Originally Posted by
Susie*Bee
Sharon, I will respond, but in the general sense-- not under the "non-surgical treatments" category. If I remember correctly, the evidence asked for was with a brand new member, who felt like she was being attacked. The forum, to my understanding, was originally created to be a place where anyone either with scoliosis or a family member with scoliosis could come and find refuge-- to meet up with other "scolis". People such as myself do not ever see anyone else (well, I see one other person) with scoliosis, so it is a world of "aloneness" out here. On the forum we become a family, friendships (or friendly foes, at times) are formed, and we can let loose, share our problems that we can't with our own families, and bond in many ways. It is a place of understanding that is not to be found anywhere else. To that end, it should be open to anyone, no matter how intelligent or ignorant their "scientific" posts may be. This is not just a professional board, nor was it intended to be. When you (not singular) drive people away, you deprive them of perhaps the only source of community available. This is the sole reason I am addicted to this site. It is my second family, in a sense. I "love" many of the people. I think back to some of the ones from the past and wonder how they are doing and pray that their lives are productive. I wondered if NZ girl was affected by the massive earthquakes in New Zealand. I wonder how Aussie's Mom (?) little girl is doing after her surgery failed and she developed crankshafting. I worry about those who still have pain after several years. This is what the forum is about JUST AS MUCH AS the science and research. If you took a cross section of the intelligence of the people of the U.S., you would not find the caliber that you desire here on the forum. In that sense, you may be a little prejudicial when confronting people in a harsh way.

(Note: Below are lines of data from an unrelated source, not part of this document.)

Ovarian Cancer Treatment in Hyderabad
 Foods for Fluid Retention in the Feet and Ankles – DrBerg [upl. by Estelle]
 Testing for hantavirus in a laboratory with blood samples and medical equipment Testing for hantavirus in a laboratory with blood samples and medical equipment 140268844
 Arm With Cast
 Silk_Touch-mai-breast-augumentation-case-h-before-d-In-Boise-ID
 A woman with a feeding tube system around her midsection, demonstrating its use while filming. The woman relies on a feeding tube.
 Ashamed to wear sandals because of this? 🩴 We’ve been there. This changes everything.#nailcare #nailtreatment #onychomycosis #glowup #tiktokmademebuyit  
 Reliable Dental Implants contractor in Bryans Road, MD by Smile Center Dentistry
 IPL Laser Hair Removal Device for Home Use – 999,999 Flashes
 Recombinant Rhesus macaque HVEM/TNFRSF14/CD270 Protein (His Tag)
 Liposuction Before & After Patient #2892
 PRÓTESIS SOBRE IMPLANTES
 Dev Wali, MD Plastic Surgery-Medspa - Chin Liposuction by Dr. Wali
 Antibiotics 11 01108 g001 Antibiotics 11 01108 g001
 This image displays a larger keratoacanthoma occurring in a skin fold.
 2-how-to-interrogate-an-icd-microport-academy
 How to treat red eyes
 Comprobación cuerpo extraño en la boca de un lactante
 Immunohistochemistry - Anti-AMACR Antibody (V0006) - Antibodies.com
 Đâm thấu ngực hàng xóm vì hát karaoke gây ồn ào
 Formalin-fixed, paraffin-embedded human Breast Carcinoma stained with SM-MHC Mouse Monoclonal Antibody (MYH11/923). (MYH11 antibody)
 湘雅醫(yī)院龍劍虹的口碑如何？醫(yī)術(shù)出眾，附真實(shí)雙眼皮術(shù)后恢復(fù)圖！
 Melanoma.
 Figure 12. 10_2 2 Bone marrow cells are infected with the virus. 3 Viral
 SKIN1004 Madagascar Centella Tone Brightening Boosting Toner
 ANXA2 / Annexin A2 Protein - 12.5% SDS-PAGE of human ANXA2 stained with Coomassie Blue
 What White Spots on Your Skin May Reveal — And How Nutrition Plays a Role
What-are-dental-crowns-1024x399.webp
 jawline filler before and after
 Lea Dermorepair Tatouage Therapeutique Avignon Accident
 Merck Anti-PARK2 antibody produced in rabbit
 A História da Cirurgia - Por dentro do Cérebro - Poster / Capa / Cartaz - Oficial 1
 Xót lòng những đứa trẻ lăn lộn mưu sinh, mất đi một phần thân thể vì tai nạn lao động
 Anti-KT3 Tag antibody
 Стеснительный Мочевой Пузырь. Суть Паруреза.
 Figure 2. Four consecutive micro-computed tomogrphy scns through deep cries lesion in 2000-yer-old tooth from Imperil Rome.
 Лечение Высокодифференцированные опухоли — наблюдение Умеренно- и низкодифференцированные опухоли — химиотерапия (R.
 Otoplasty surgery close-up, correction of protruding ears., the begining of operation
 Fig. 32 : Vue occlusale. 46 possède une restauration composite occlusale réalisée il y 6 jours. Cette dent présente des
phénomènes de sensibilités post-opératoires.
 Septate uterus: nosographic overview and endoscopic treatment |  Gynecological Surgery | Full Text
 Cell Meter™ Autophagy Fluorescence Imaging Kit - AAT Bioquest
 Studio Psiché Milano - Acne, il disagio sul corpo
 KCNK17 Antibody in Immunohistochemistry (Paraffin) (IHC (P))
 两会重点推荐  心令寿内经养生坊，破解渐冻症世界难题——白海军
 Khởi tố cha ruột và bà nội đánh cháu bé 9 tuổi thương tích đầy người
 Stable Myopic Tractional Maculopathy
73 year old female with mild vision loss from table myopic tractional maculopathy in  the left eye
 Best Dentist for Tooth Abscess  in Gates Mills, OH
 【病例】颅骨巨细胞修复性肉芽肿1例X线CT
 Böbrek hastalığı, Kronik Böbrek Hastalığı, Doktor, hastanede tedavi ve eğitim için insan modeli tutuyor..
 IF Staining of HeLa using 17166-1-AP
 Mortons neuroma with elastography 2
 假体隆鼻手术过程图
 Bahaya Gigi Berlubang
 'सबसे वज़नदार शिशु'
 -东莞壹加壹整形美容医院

I believe it is better to welcome people into the forum, let them feel they can belong and be part of the "group" that will encourage them during their tough times, and if you disagree with them, do so in a way that doesn't make them on the defensive or drive them away. "That is very interesting! I'd be curious to see your x-rays sometime when you get used to the forum and can post them." Everyone needs a sense of respect and a feeling that others will listen to them with an open mind. When it is a subject that you know is totally false, then instead of getting into a schoolhouse brawl over it, just say that you don't see the scientific data to back that up-- and it would help if that could be supplied. If not, then there's no point going on and on with the thread. Just end it with something like "we'll have to agree to disagree on this one, as I don't see any supporting documentation." And let it go. Again, I am not singling you out-- "you" is in the plural sense.
Sharon-- you live in an elite circle of intelligentsia where I think you cannot understand people with lower IQs. I live in an area with many "hillbilly" types. It's not unusual to see a sign as you go down the road that says "used tirs for sale", etc. (that's tires), and people don't speak well either. That doesn't mean they don't have heart and have feelings, just the same as you and I do. Try the old "Indian" saying about understanding others-- you must walk two moons in their mocassins-- put yourself in their shoes. Change your mindset over to theirs for a minute and see if you can picture what is going on there. So no-- I don't agree that as soon as they make claims you should start "pressuring them for evidence" And I don't agree that "science is the only game in town and it will always win because it works." Life is more than pure science.